(Caption-style text data)
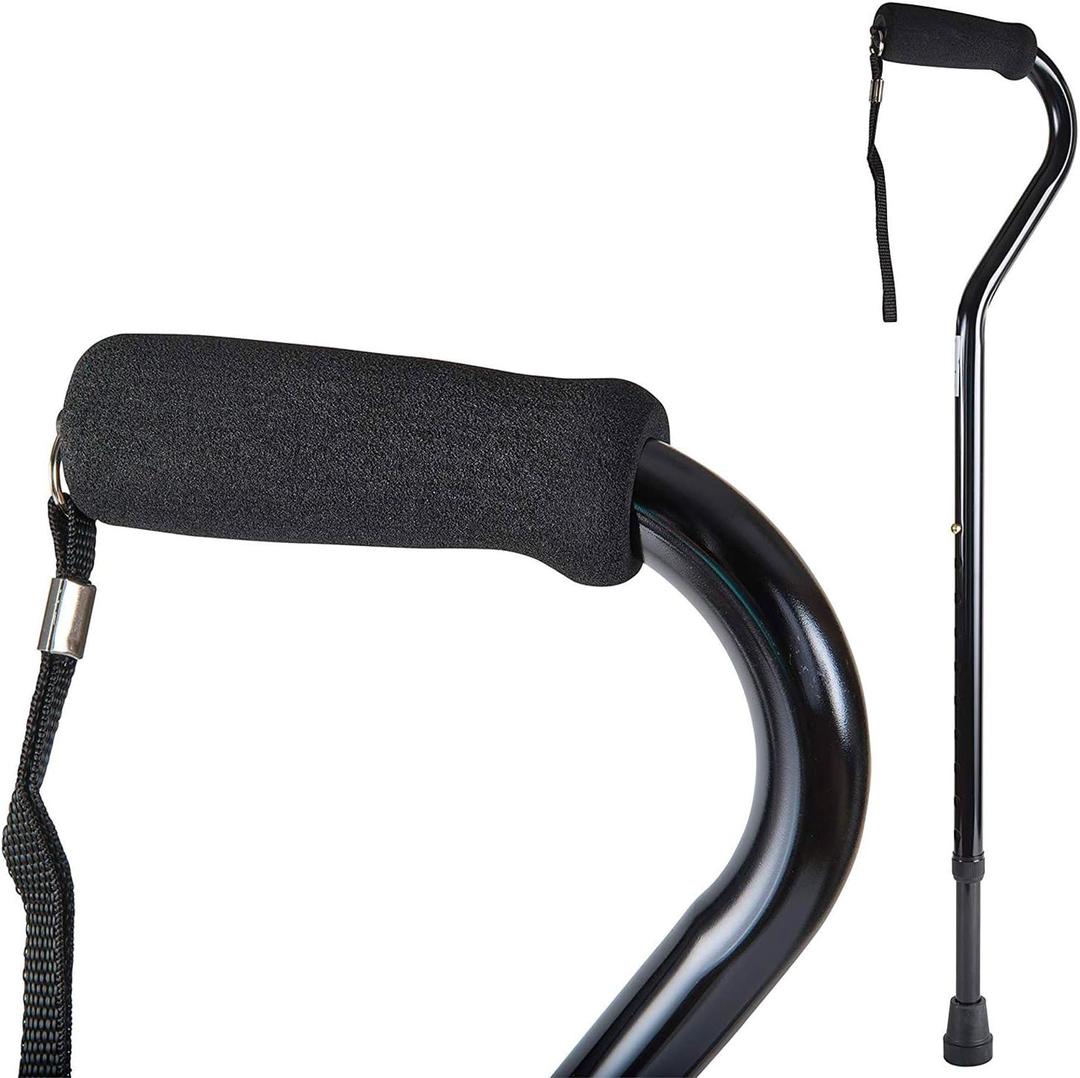 DMI Walking Cane and Walking Stick for Adult Men and Women, FSA Eligible, Lightweight and Adjustable from 30-39 Inches, Supports up to 250 Pounds with Ergonomic Hand Grip and Wrist Strap, Black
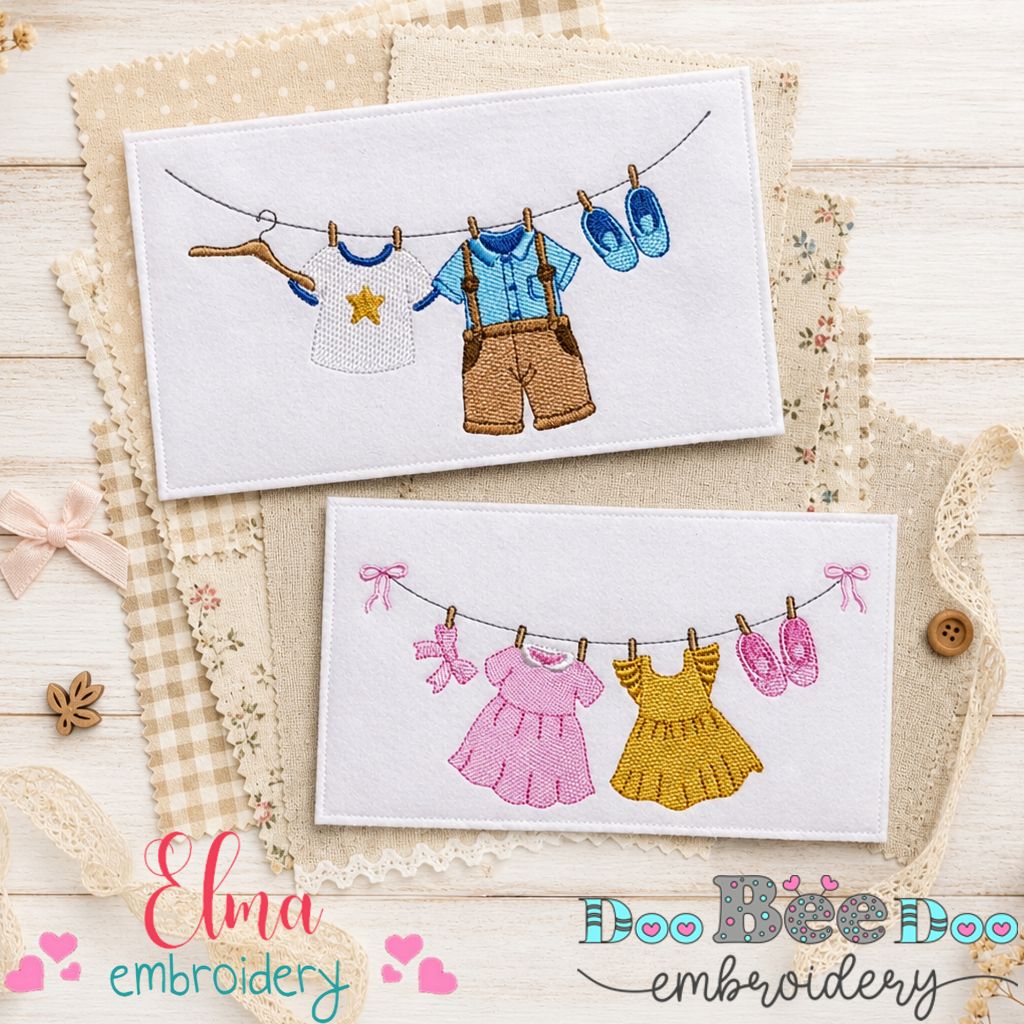 Baby Clothesline Set – Sketch Stitch – Machine Embroidery Design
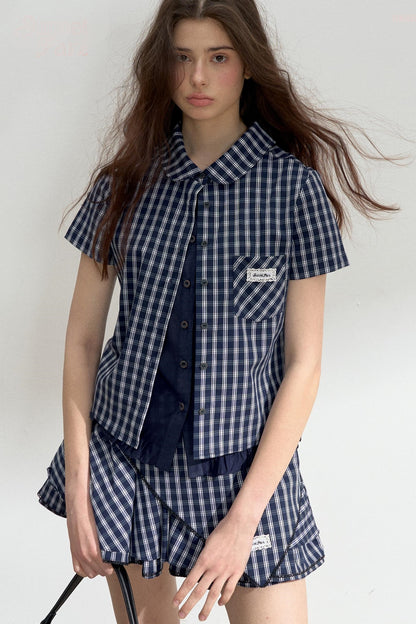 Vintage Blue Check Shirt & Layered Puffy Skirt Set-Up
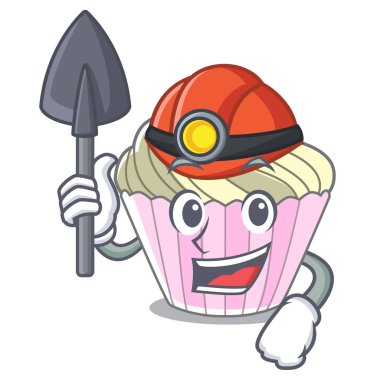 Madenci tatlı beze pasta maskot karikatür vektör illüstrasyon izole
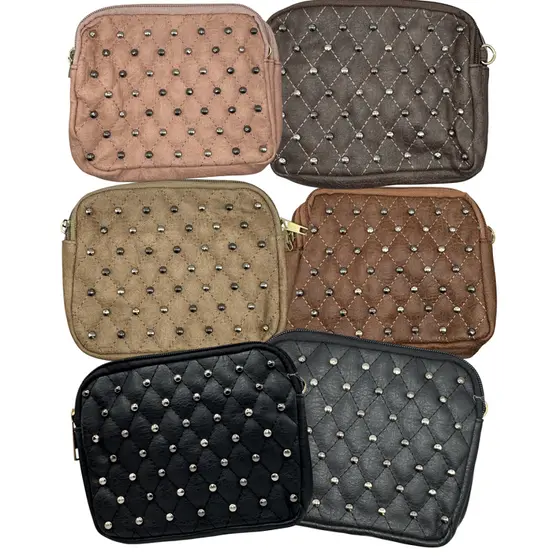 Bolsa Feminina Couro C/ Spikes BSPKC Elegante Compacta Discreta Couro Sintético Diversas Cores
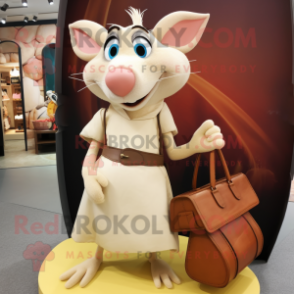 Beige Ratatouille mascot costume character dressed with a Pencil Skirt and Handbags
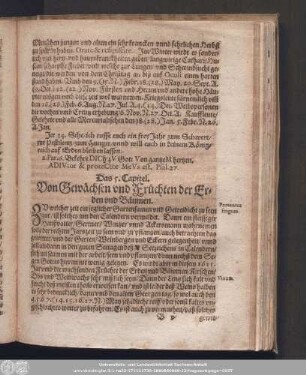 Das 5. Capitel. Von Gewächsen und Früchten der Erden und Bäumen.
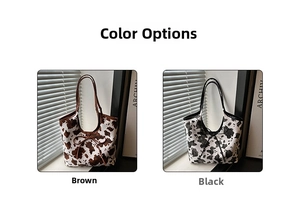 Detailed comparison of brown and black cow print canvas tote bags with bow decoration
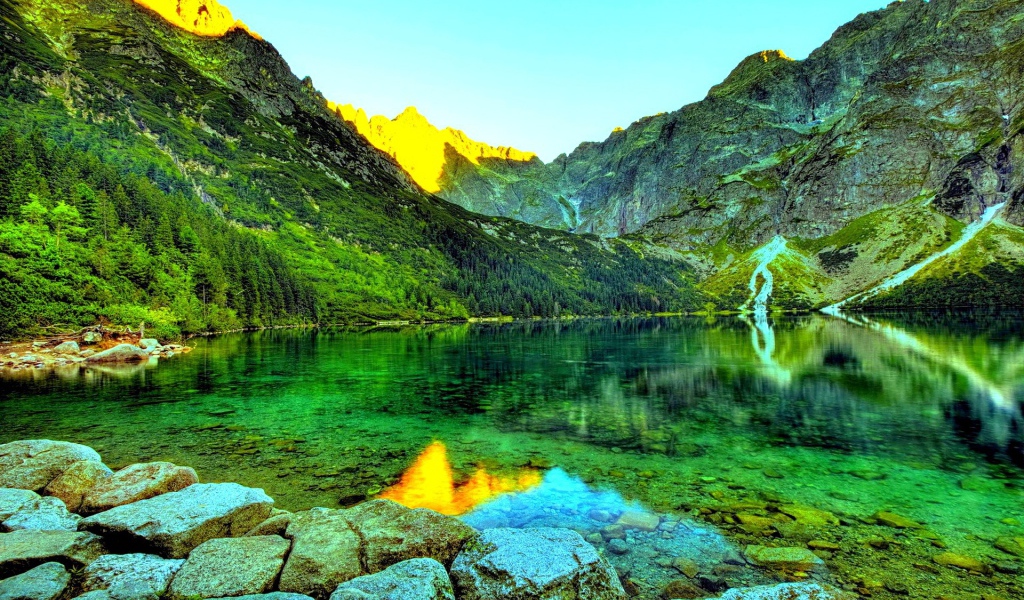 Прозрачная вода в зеленом горном озере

Task description = Print the lines from the one holding "Bolsa Feminina Couro" through the last line of the records, word for word, and omit the pictures.

Your solution =
 Bolsa Feminina Couro C/ Spikes BSPKC Elegante Compacta Discreta Couro Sintético Diversas Cores
 Beige Ratatouille mascot costume character dressed with a Pencil Skirt and Handbags
 Das 5. Capitel. Von Gewächsen und Früchten der Erden und Bäumen.
 Detailed comparison of brown and black cow print canvas tote bags with bow decoration
 Прозрачная вода в зеленом горном озере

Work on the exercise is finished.